Then I got tracked down at home by a talk radio hostess who began the live, on-air interview with, “I was shocked–shocked!–when I read this column in the newspaper and found out what’s going on up at UT. Here to explain himself is … ” I have, since they tracked me down at home on a day I was sick and I conducted the phone interview while in bed, jokingly said that my biggest regret is that i didn’t inform the hostess that I was in my underwear. I’m lying, however. My biggest regret is that I let my idealistic notion that somehow, by agreeing to the interview, I would be able to change her perception cloud my judgment. I should have said “No, thank you,” hung up and gone back to sleep. I didn’t.

I know this is all petty in the wake of the fact that real people died on 9/11, and that many more have had their lives effected in ways far more significant than the ways I have. My role in all of this has been different: I’ve been in the front line of trying to explain away the hate. And worst of all, there’s an active movement afoot to try to shut down the departments that do what we do, buoyed, ironically enough, by the argument that we failed to prevent 9/11 in the first place.

So, there it is. It’s been 6 years since the towers fell, since Osama bin Laden’s name went up there with Quisling, Hitler, Cromwell, Tojo, and all the other names that will forever be said with a sneer. It’s been 6 years since we were shocked out of our idyll by watching people die on live TV and being unable to do anything about it.

6 years of putting the thoughts and raw, unprocessed emotions aside and planning to deal with them … later.

Here’s to 6 more?

That’s my alma-mater …

Monday, September 10th, 2007

Andy Towle reports this morning:

Two alums of American University are suing the school, according to the New York Post [which I refuse to link to on general principle] after a newsletter went out to fellow classmates identifying them as recently married “life partners”. The newsletter also reportedly said they were “leaders of a nonexistent group called the Gay Rights Brigade.”

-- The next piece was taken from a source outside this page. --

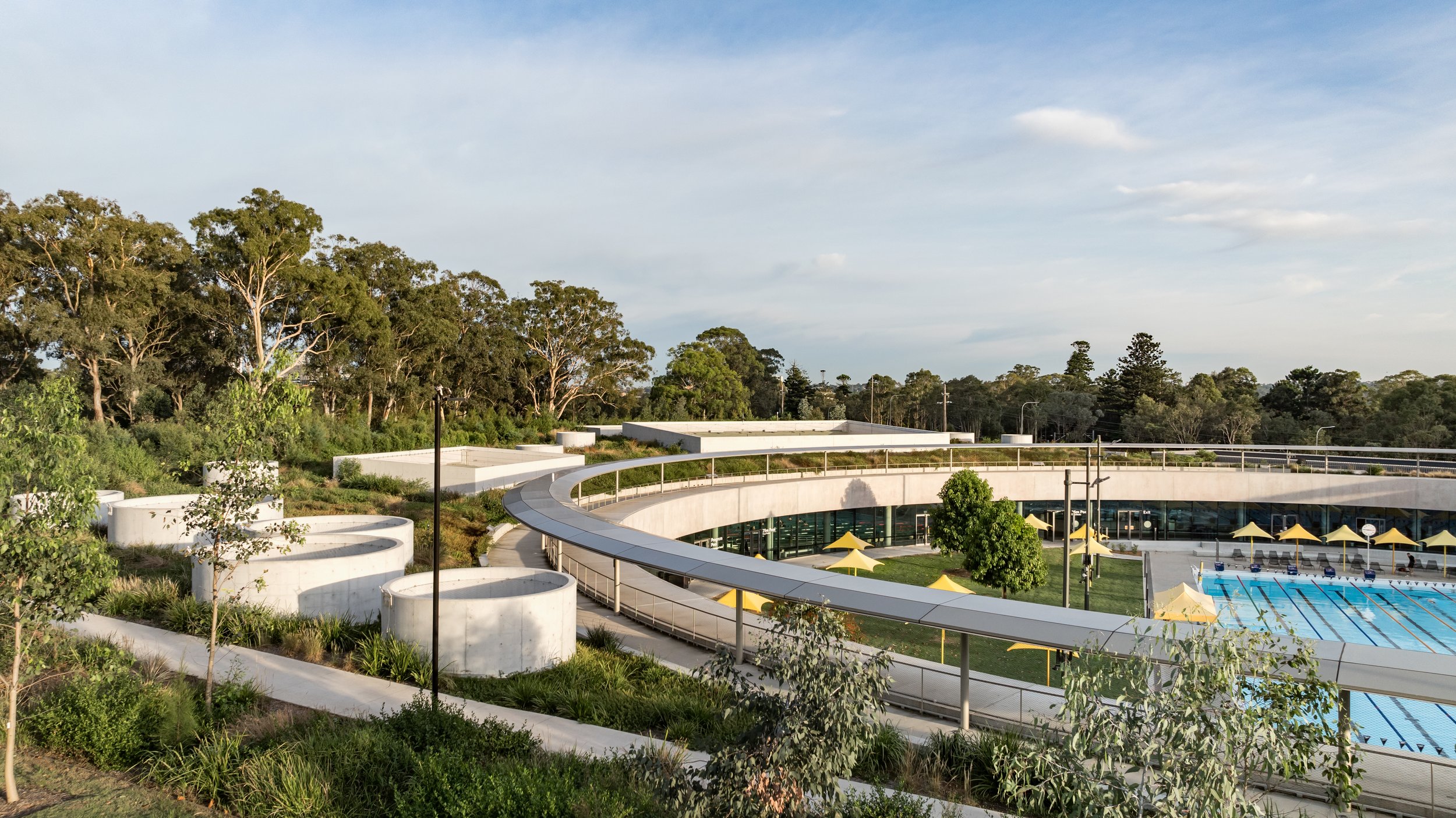 A modern outdoor swimming pool area with a curved walkway, surrounded by green trees and shrubbery. The pool has yellow umbrellas along the edge, and a backdrop of trees and a blue sky with some clouds. Designed by McGregor Coxall Photo by Ruth Gold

Ross Weil, 29, and Brett Royce, 28, college buddies and former New York housemates, filed a $1.5 million defamation suit against American University in Manhattan federal court on Aug. 30, claiming the school acted maliciously and with ‘gross negligence’ by printing the announcement. The Class Notes section of the spring edition of American Magazine, a quarterly publication for the Washington, D.C., university, asserted that Weil and Royce tied the knot in Boston on June 10, 2006…. The lawsuit declares both men have been harmed by the newsletter’s mistake – even though they say there’s nothing wrong with being gay. ‘It has nothing to do with homophobia,’ [lawyer Michael] Kaufman insisted.”

I went to AU, way back when, so I guess you’d call it my alma mater, even though I have no particular attachment to the place. I only spent a year at the American University in Cairo (no relation), and they’ve done a much better job of making me feel like part of their community.

At the time we called it “Gay U,” or “JU” (J=Jewish) since everyone seemed to be gay, Jewish, or both. Also funny (in an ironic way, not a ha-ha way) was that I was totally a closet case at the time, so I wasn’t able to take advantage of it. When I talk to old friends now, they’re all telling me, “OMG, do you know how many guys wanted to sleep with you?” Oh, well. Live and learn.

Today is our 7th anniversary – Ray and I have been together seven years, and I’m not going to write a sappy long post about it ‘cuz it would probably embarrass both of us. Here’s to [at least] seven more!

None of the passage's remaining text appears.